On a related note, if you're moving from College Publisher then the it is most likely that the email addresses associated with your domain are just forwarding to Gmail addresses. When you make the switch to a new host, you'll want to make sure you duplicate those settings or set up Google Apps for Your Domain. The standard version is free and CoPress highly recommends it as a team collaboration suite with many tools.
Post launch
Make sure WordPress knows you have a new domain
If you're using WordPress, make sure you've changed the base URL from whatever it was for your sandbox to your primary domain. Otherwise, your new domain might map to the home page fine, but all of your articles will have the sandbox URL.
Check to make sure all of your needed plugins are active
For WordPress, you'll want to make sure these plugins are active and working well as soon as you launch your site:
- Akismet - A service provided by Automattic that filters out spam comments. You'll have to sign up for an account on WordPress.com to get an API key, but that will save you from having to go through large amounts of spam comments.
- All In One SEO Pack - Optimizes your headlines and metadata for Google.
- Google Analyticator - Needs to be activated so that Google Analytics starts tracking page loads on your website. If you're signed in to your Google Account, activation should be one-click authorization.

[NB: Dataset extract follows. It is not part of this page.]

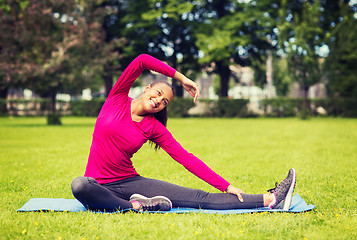 Image showing smiling woman stretching leg on mat outdoors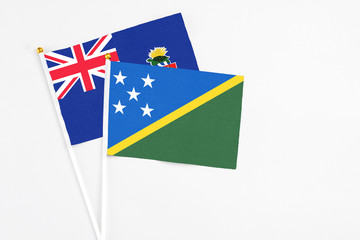 Solomon Islands and Cayman Islands stick flags on white background. High quality fabric, miniature national flag. Peaceful global concept.White floor for copy space.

- Google XML Sitemaps - Automatically generates the sitemaps needed for Google (and other search engines) to properly index your website.
Test your email
If you've changed any of domain settings, test to make sure that you can still send and receive email from the addresses associated with your domain.
Ensure that search engines can find you
Make sure that your robots.txt is allowing search engines to index your website.
When developing in a sandbox, it's common to include <meta name="robots" content="noindex" /> in the <head> of an HTML page to make sure that your new web site in progress doesn't show up in a search engine. You should also make sure that this is no longer there. In WordPress, this is an option under the "Privacy" tab.